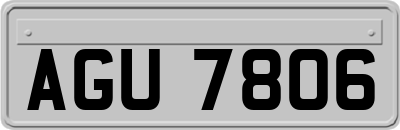 AGU7806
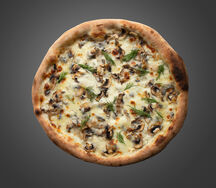 Жюльен-пицца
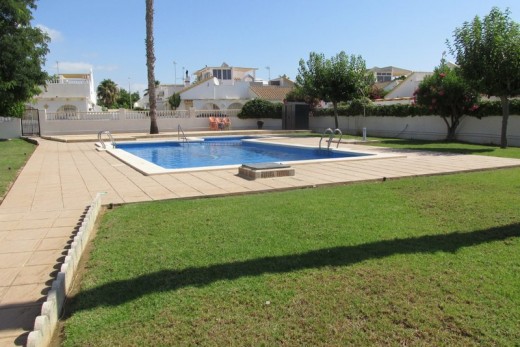 Reventa - Apartamento - LOS NAREJOS - Oasis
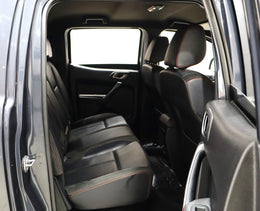 2022 Ford Ranger 2.0Bi-Turbo Double Cab Hi-Rider Stormtrak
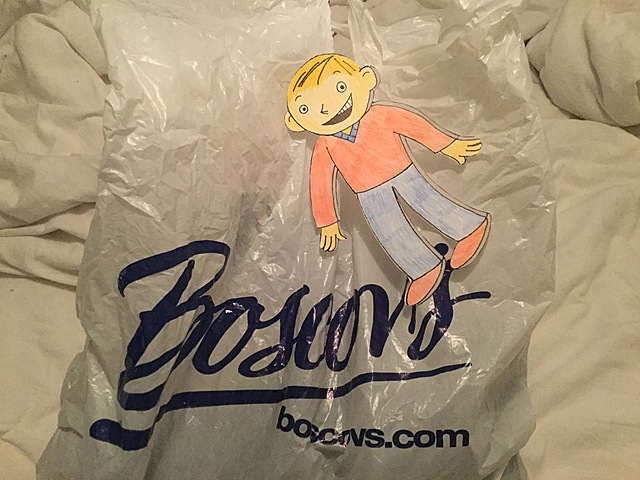 Faire du shopping au Centre Commercial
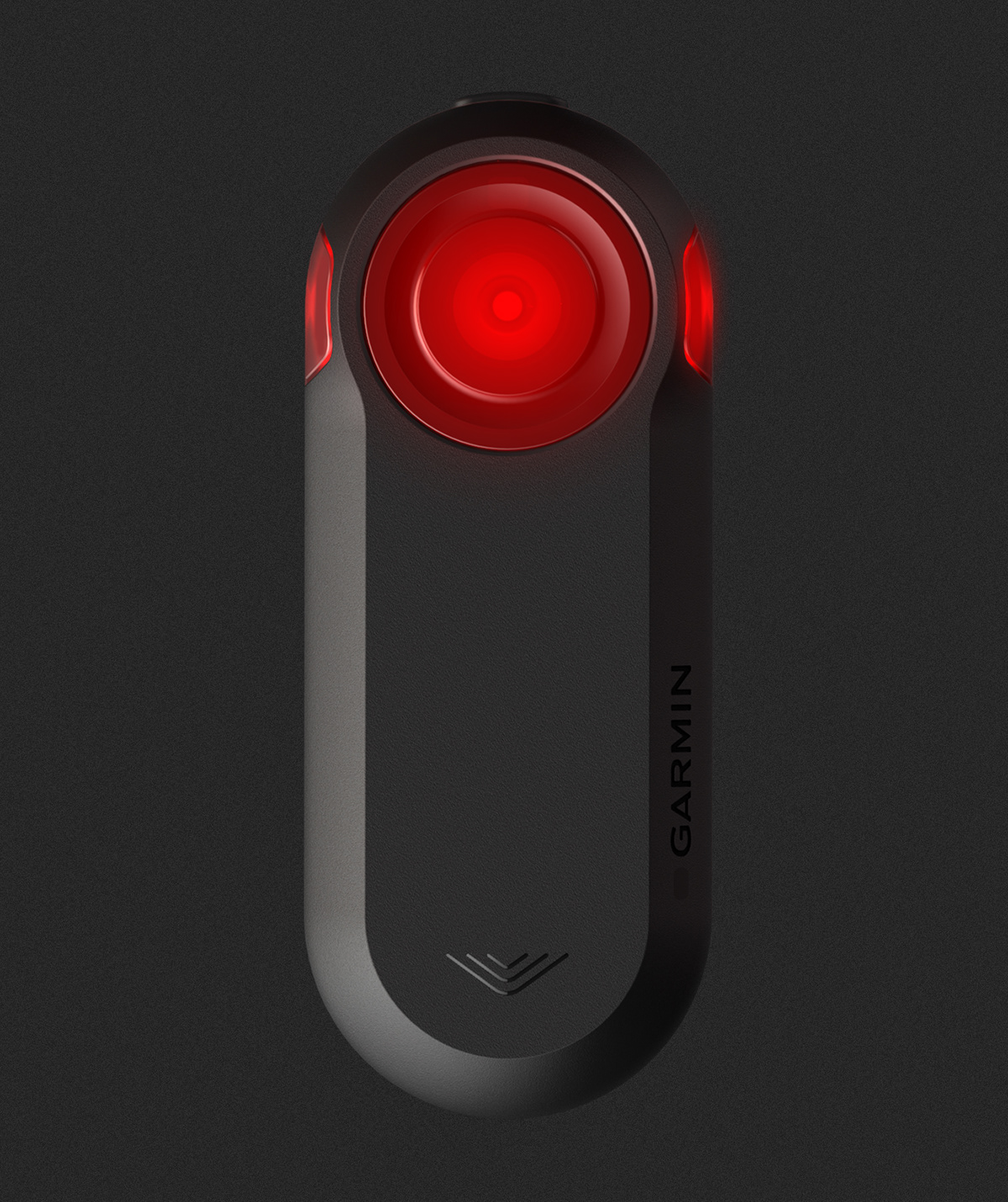 black，garmin，VARIA RTL510，radar，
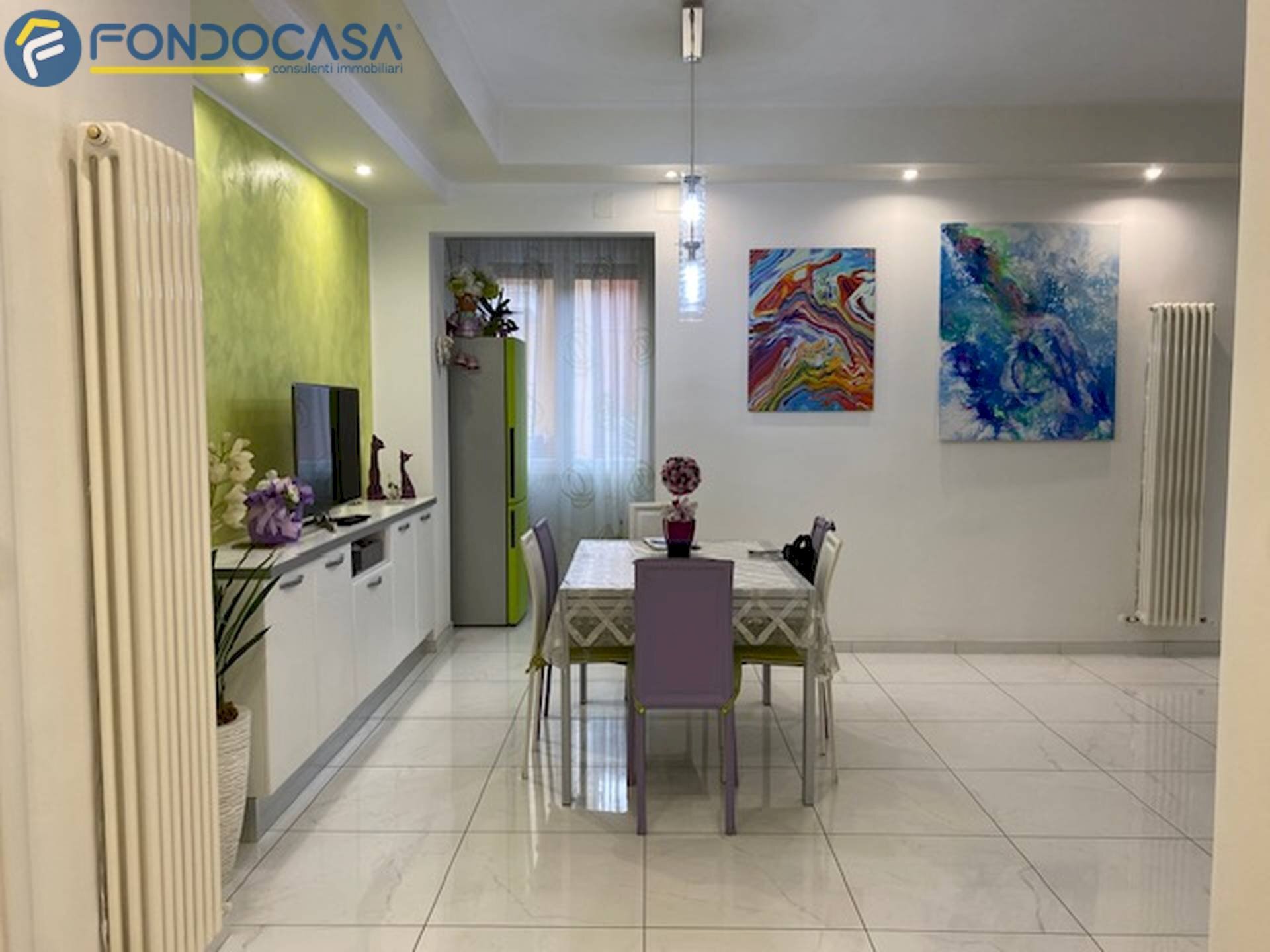 Foto 2 - Appartamento Via Francesco Crucioli, Grottammare - foto 2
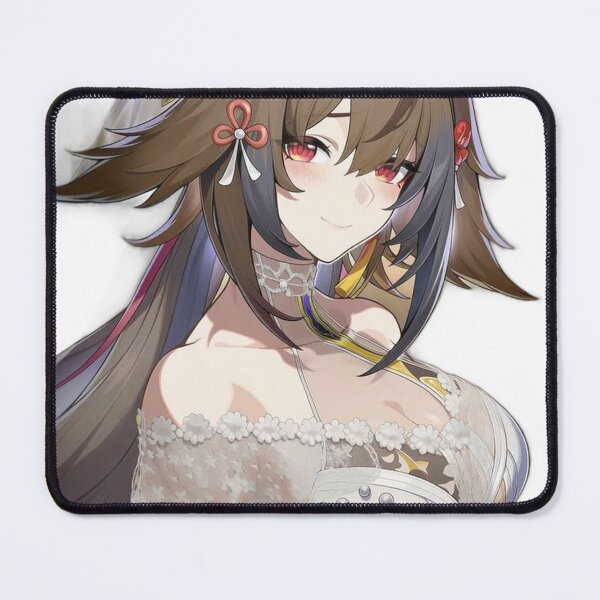 Item preview, Ye Shunguang Zenless Zone Zero designed and sold by KomiArts.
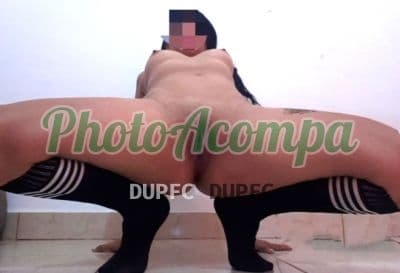 Acompanhante em Samambaia com namoradinha (4) — Cléo Dias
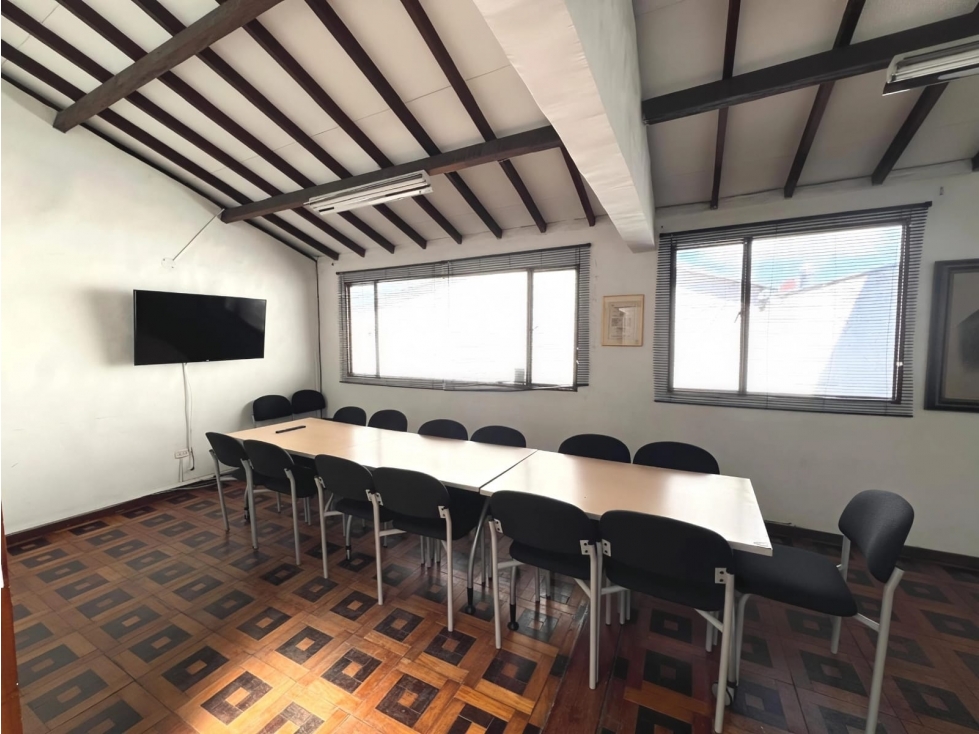 Oficina en arrendamiento - La Camelia - Manizales - 2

== PROBLEM TO SOLVE ==
Your answer must consist solely of the lines from the one containing "Item preview, Ye" through the last line of the records above, copied exactly, with every picture left out.

== FINISHED TASK ==
 Item preview, Ye Shunguang Zenless Zone Zero designed and sold by KomiArts.
 Acompanhante em Samambaia com namoradinha (4) — Cléo Dias
 Oficina en arrendamiento - La Camelia - Manizales - 2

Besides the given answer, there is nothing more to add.